Trifecta: The City of Hell Chronicles edited by Colin F Barnes
At the tail end of last year I read the first release from new small publisher Anachron Press. City of Hell was a gruesomely gory anthology featuring giant bugs and some nasty, nasty body horror. Anachron has been at it again, and once more it’s time for The Great Maurr to rise. Trifecta features three new stories set in the same world as its predecessor.
No Insects at Sea by James Everington
A young isolated man from a remote island community thinks he’s safe from Maurr’s deadly reach, but when he comes across a drifting boat, he finds an unpleasant surprise within its hull—a discovery that threatens to shatter his hopes and beliefs.

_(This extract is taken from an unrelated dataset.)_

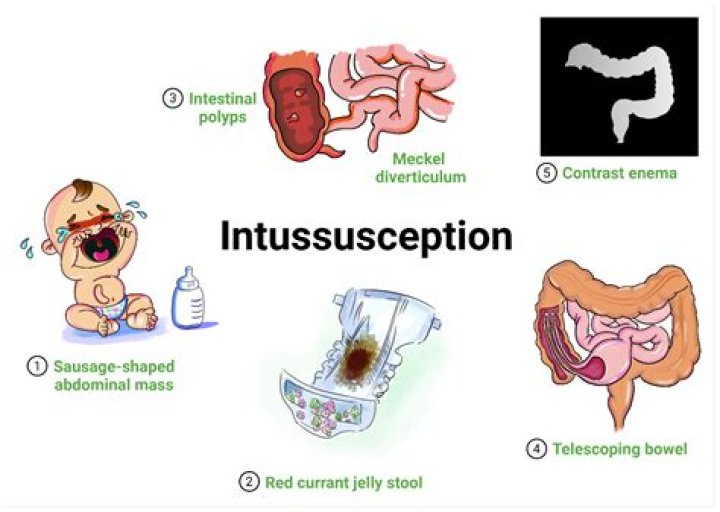 How do you prevent intussusception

Things start off on a suitably downbeat note. Humanity has been scattered to the four winds and the majority of survivors are only looking out for themselves. No Insects at Sea subtly captures a sense of hopelessness in a world that is truly broken.
The Harlot and the Bad Man by Phil Ambler
Father Josef Friedricks takes care of a group of young survivors in an underground bunker. Tending to these waifs and strays, he tells them the story of Sophia: a mother who has to overcome terrible odds and deception. The story is more than just a tale to entertain the kids; it’s a tale of grit, horror, and the extremes a mother is prepared to endure to survive.

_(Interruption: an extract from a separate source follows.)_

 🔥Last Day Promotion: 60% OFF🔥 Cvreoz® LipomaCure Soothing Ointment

If the first story is about a man bereft of hope then the middle tale examines the polar opposite. Is it possible after the collapse to dream about a better future? Once again grimly dark, but also insightful, this thought provoking installment deftly captures the extreme lengths people will go to in order to survive.

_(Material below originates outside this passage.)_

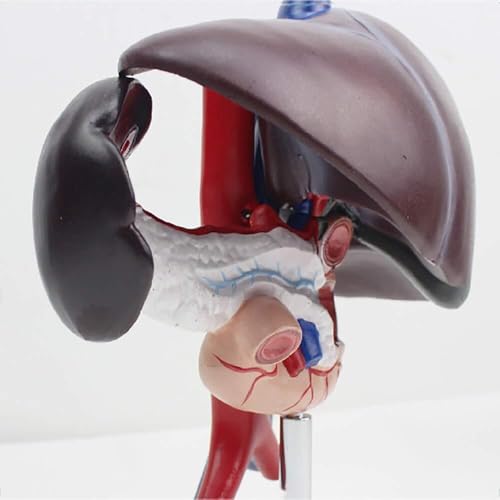 Modèle de pathologie du pancréas AMITD aide à l'apprentissage digestif en anatomie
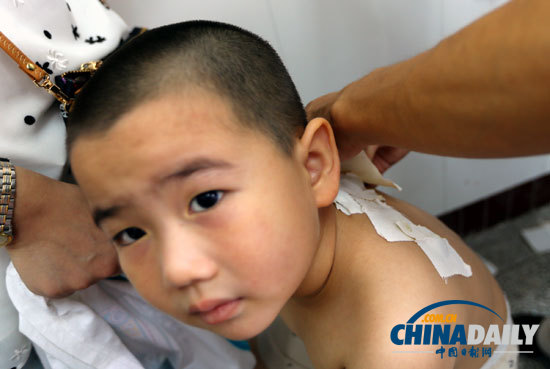 入伏第一天 各地忙貼“三伏貼”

Brethren by Nina D’Arcangela
You’d think with the Great Maurr ascending to rule and taking his place at the top of the food chain his minions would be proud, but there’s a dissenter in the ranks. A drone ant, fed up with the drudgery and his low rank, dares to learn more about what it means to take life, and what it means to consume and devour humans like the soldiers, the queens, and even Maurr himself to devastating consequences for both himself and the few remaining human survivors.
To round of the trio of tales a story told from the insect’s perspective. Having read all the City of Hell stories that have been released so far, it was great to gain some further understanding of how the insect society functions. Learning about the different castes of insects and how they interact adds a nice additional insight into the City of Hell universe. Reading a story told from a drone’s point of view was the perfect way to round this short collection off.
It really is difficult to pick a favourite from these three stories. Each one has some great elements. I’m genuinely torn between them all. If you enjoy short, punchy horror that balances the grotesque with the psychological, then I strongly suggest you give Trifecta a try.
Trifecta is published by Anachron Press and is available for Kindle on 25th June 2012.